El economista Samir Amin demuestra en seis puntos por qué, según él, la zona euro está en un callejón sin salida. La única puerta de salida –el abandono del euro y la creación de una serpiente monetaria europea– que supondría una puesta en entredicho del poder de los oligopolios le parece ya algo imposible.
No hay moneda sin Estado. Juntos, Estado y moneda constituyen en el capitalismo el medio de gestión del interés general del capital, más allá de los intereses particulares de los segmentos del capital en competencia. La dogmática en curso que imagina un capitalismo gestionado por el “mercado”, incluso sin Estado (reducido éste a sus funciones mínimas de guardián del orden), no se basa ni en una lectura seria de la historia del capitalismo real, ni en una teoría con pretensiones “científicas” capaz de demostrar que la gestión por el mercado produce –incluso tendencialmente– una forma u otra de equilibrio (a fortiori, un equilibrio “óptimo”).
Ahora bien, el euro se creó en ausencia de un Estado europeo, sustituto de los Estados nacionales, cuyas funciones esenciales de gestores de los intereses generales del capital estaban en camino de ser abolidas. El dogma de una moneda “independiente” del Estado expresa esta absurdidad.
La “Europa” política no existe. A pesar del imaginario ingenuo que llama a superar el principio de soberanía, los Estados nacionales siguen siendo los únicos que tienen legitimidad.
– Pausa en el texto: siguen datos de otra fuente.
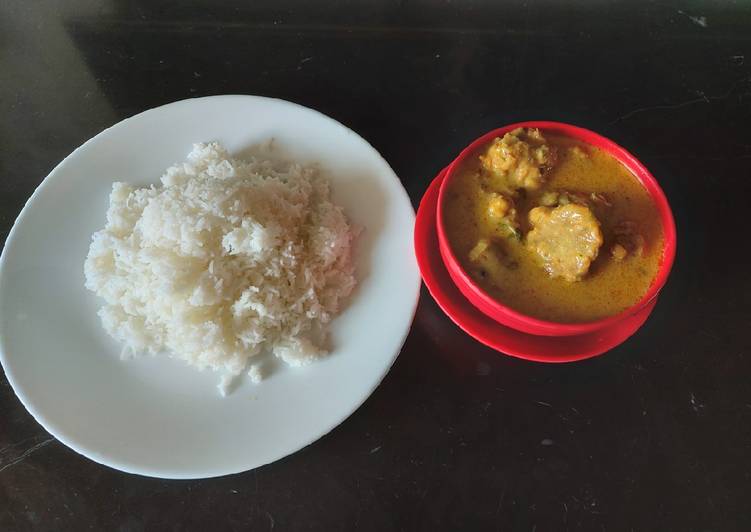 Recipe of Appetizing Curry pakora with boil rice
No existe la madurez política que haga aceptar por el pueblo de cualesquiera de las naciones históricas que constituyen Europa el resultado de un “voto europeo”. Es posible desearlo, pero aún habrá que esperar mucho tiempo antes de que emerja una legitimidad europea.
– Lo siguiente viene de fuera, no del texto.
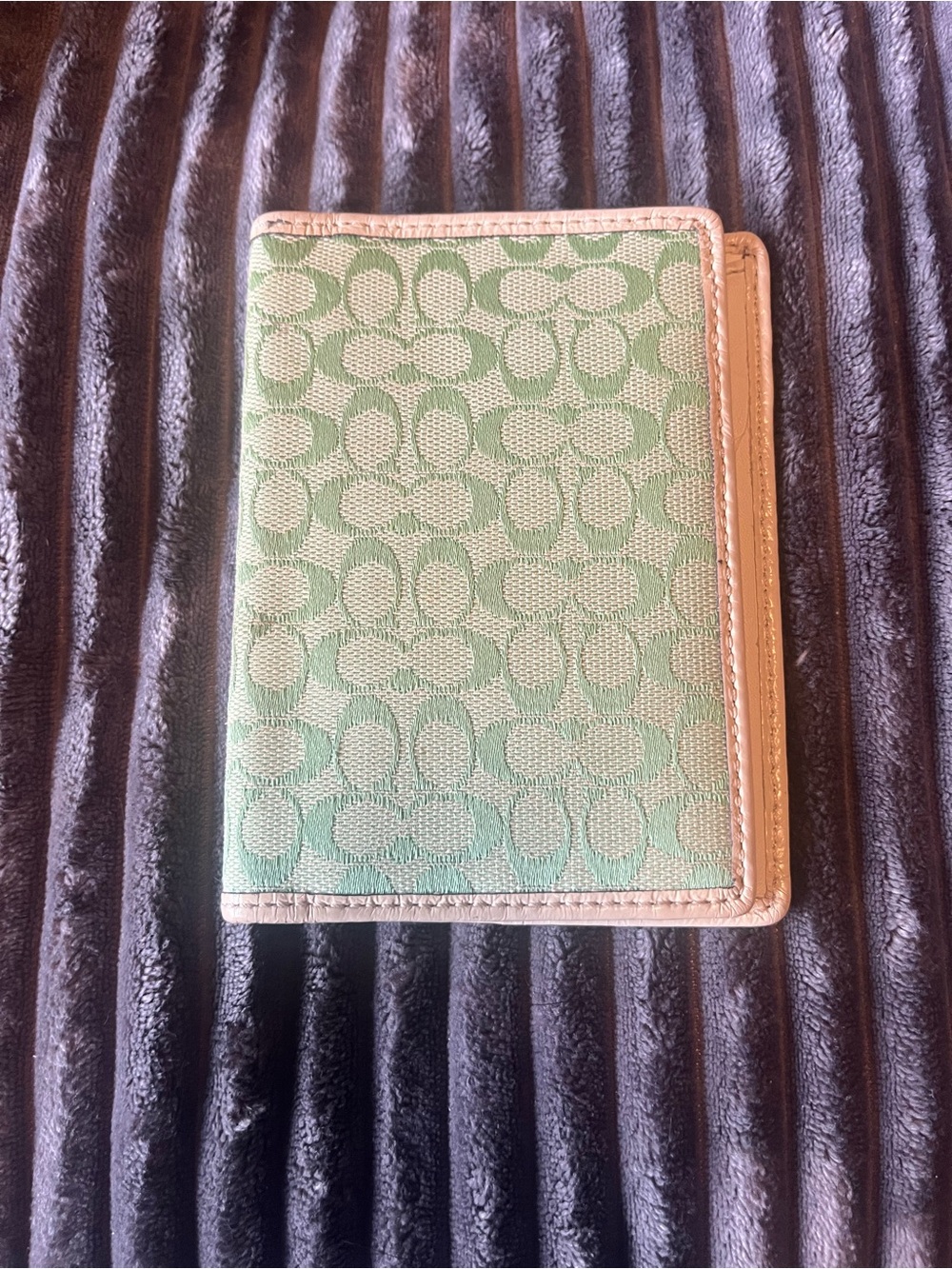 Coach Green Signature Canvas Passport Cover with Tan Trim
La Europa económica y social ya no existe. Una Europa de 25 o 30 Estados sigue siendo una región profundamente desigual en su desarrollo capitalista. Los grupos oligopólicos que controlan actualmente el conjunto de la economía (y más allá de ella, también la política cotidiana y la cultura política) de la región son grupos que tienen una “nacionalidad” determinada por la de sus principales dirigentes. Son grupos principalmente británicos, alemanes y franceses, y accesoriamente holandeses, suecos, españoles e italianos. La Europa del Este y en parte la del Sur mantienen con la Europa del noroeste y la central una relación análoga a la que, en las Américas, caracteriza la existente entre América Latina y Estados Unidos. En estas condiciones, Europa es apenas un mercado común, apenas un mercado único que forma parte del mercado global del capitalismo tardío de los oligopolios generalizados, mundializados y financiarizados. Europa es, desde este punto de vista y como he escrito en otro lugar, la “región más mundializada” del sistema global. De esta realidad, reforzada por la imposible Europa política, deriva una diversidad de niveles de salarios reales y de sistemas de solidaridad social como las fiscalidades que no puede ser abolida en el marco de las instituciones europeas tal como son.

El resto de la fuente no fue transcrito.